- Directed by: John E. Blakeley
- Written by: Story and scenario: Roney Parsons Anthony Toner original story: Julian Cantor Max Zorlini comedy sequences devised and arranged by: Arthur Mertz
- Produced by: F.W. Baker John E. Blakeley
- Starring: Norman Evans; Nat Jackley; Dan Young; Betty Jumel;
- Cinematography: Geoffrey Faithfull
- Edited by: Ted Richards
- Music by: Percival Mackey
- Production companies: Mancunian Films & Butcher's Film Service (co-production)
- Distributed by: Butcher's Film Service (U.K.)
- Release date: 19 June 1944 (U.K.);
- Running time: 96 minutes
- Country: United Kingdom
- Language: English

= Demobbed (1944 film) =

British comedy by John E. Blakeley

Demobbed is a 1944 British comedy film directed by John E. Blakeley and starring Norman Evans, Nat Jackley, Gus McNaughton and Dan Young. It was written by Roney Parsons and Anthony Toner from an original story by Julian Cantor and Max Zorlini.

== Plot ==
A group of demobbed ex-soldiers find work at a company that makes scientific instruments. When things start to go missing, Norma, a company secretary, enlists their help in tracking down the thieves.

==Cast==

- Norman Evans as Norman
- Nat Jackley as Nat
- Dan Young as Dan
- Betty Jumel as Betty
- Tony Dalton as Billy Brown
- Jimmy Plant as Graham
- George Merritt as James Bentley
- Fred Kitchen as Black
- Arthur Hambling as Curtis
- Gus McNaughton as Capt. Gregson
- Marianne Lincoln as Marianne
- Anne Firth as Norma Deane
- Neville Mapp as John Bentley
- Webster Booth as himself
- Anne Ziegler as herself
- Sydney Bromley as BBC announcer
- Kay Lewis as Norman Evan's partner
- Freddie Watts as landlord of the Red Lion
- Edgar Driver as the bookie
- Noel Dainton as Police Inspector
- Marjorie Gresley as the mother
- Angela Glynne as the child

==Critical reception==
The Monthly Film Bulletin wrote: "The film might prove amusing to those who like music-hall turns, a Hawaiian dance being quite funny, but during some of the other acts the humour is so grotesque as to make one feel quite uncomfortable."

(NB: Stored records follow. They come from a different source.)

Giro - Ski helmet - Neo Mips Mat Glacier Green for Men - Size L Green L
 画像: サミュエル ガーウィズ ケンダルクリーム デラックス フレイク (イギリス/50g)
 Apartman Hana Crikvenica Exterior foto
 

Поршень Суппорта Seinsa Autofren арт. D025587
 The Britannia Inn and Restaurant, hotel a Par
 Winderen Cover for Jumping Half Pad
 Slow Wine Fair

Kine Weekly wrote: "Rowdy, good-humonured musical comedy burlesque covering the hectic misadventures of four crazy ex-privates in Civvy Street. There is not much of a plot, but the principal comedians make a lively and versatile team, the well-timed music and dance-hall sequences are bright, the climax carries a kick and the technical presentation is above reproach. ... True, the mixture of slapstick, song and music-hall is occasionally rough and ready, but enthusiastic teamwork and first class technical presentation, nevertheless, permit the whole to merge into good-hearted, entertainment-filled comedy burlesque."

TV Guide called it an "Occasionally okay slapstick comedy."